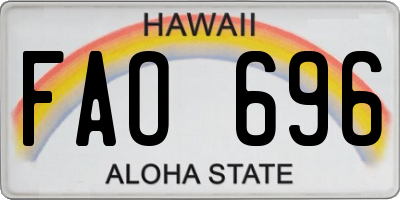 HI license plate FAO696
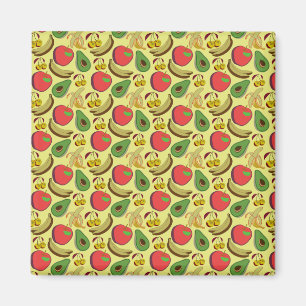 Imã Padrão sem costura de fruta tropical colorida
* * *
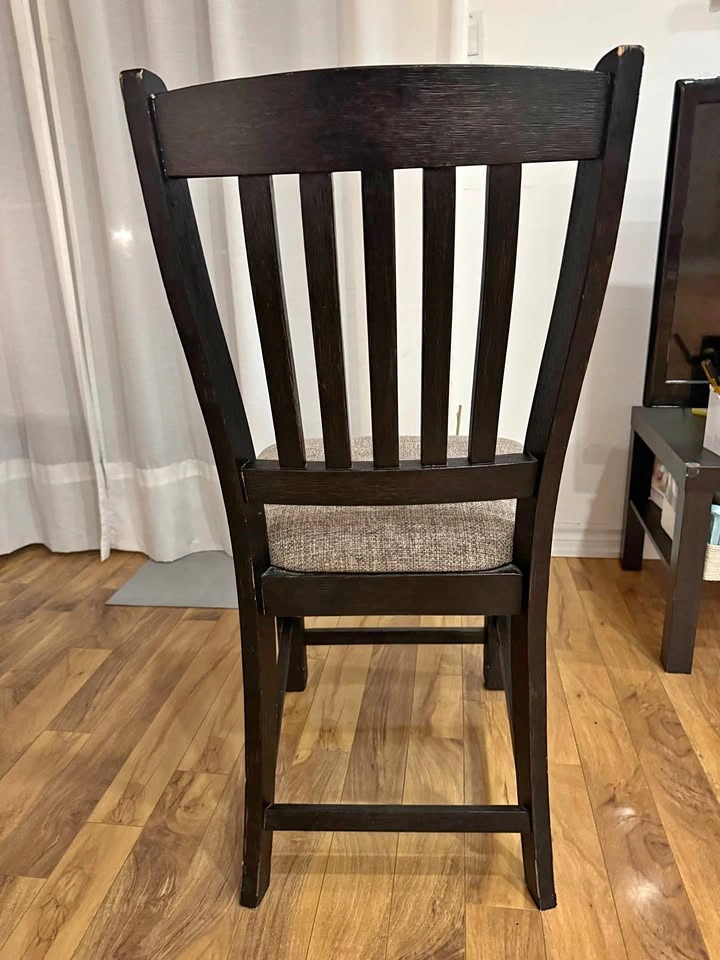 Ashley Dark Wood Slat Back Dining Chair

■ Task objective
Working from the entries above, reproduce exactly and only the lines beginning with the line that has "HI license plate FAO696" and ending with the line that has "Imã Padrão sem"; omit all pictures.

■ Answer area
 HI license plate FAO696
 Imã Padrão sem costura de fruta tropical colorida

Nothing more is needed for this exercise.